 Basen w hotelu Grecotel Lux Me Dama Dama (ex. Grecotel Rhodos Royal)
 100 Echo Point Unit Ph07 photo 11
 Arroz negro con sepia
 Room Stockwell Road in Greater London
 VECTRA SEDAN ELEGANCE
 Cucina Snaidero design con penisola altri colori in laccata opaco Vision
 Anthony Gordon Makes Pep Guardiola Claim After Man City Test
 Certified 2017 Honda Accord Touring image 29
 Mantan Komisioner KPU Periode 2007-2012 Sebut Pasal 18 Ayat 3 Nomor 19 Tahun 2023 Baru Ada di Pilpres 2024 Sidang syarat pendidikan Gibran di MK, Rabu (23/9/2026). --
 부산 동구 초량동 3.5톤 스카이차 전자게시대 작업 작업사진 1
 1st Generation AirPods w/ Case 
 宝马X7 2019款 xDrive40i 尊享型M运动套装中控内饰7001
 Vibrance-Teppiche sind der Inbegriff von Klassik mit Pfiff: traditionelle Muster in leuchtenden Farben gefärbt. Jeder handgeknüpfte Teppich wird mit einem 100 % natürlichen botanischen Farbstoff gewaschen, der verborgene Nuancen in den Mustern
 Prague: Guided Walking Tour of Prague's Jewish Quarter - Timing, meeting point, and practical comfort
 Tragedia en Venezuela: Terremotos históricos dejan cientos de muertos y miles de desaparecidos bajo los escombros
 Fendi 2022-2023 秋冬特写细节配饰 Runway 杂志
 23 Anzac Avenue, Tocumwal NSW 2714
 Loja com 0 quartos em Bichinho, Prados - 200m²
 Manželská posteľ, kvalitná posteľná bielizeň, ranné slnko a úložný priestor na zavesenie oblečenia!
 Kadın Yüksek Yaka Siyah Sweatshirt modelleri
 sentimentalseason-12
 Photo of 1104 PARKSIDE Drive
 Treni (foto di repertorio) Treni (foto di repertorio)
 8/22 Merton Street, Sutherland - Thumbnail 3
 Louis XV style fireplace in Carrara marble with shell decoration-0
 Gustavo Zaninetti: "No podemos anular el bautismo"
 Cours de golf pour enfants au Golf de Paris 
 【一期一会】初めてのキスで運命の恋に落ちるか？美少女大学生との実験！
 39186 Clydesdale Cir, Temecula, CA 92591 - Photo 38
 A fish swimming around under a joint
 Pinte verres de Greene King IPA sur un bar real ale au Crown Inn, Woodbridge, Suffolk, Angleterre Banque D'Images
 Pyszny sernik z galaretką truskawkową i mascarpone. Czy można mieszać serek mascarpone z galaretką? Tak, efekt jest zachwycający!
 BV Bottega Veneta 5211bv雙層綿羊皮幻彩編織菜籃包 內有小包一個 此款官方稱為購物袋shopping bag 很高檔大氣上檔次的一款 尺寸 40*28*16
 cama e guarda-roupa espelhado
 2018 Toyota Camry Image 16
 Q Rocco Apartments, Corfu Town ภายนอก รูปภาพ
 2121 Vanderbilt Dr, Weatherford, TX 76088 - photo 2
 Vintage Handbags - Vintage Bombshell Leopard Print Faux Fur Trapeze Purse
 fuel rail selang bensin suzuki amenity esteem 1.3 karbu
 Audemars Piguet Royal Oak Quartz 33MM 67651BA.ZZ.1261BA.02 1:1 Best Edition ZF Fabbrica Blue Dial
**********
PROBLEM.
The expected output is the lines from the one holding "BV Bottega Veneta" through the last line of the data, exactly as they appear, with nothing before or after.

ANSWER SECTION.
 BV Bottega Veneta 5211bv雙層綿羊皮幻彩編織菜籃包 內有小包一個 此款官方稱為購物袋shopping bag 很高檔大氣上檔次的一款 尺寸 40*28*16
 cama e guarda-roupa espelhado
 2018 Toyota Camry Image 16
 Q Rocco Apartments, Corfu Town ภายนอก รูปภาพ
 2121 Vanderbilt Dr, Weatherford, TX 76088 - photo 2
 Vintage Handbags - Vintage Bombshell Leopard Print Faux Fur Trapeze Purse
 fuel rail selang bensin suzuki amenity esteem 1.3 karbu
 Audemars Piguet Royal Oak Quartz 33MM 67651BA.ZZ.1261BA.02 1:1 Best Edition ZF Fabbrica Blue Dial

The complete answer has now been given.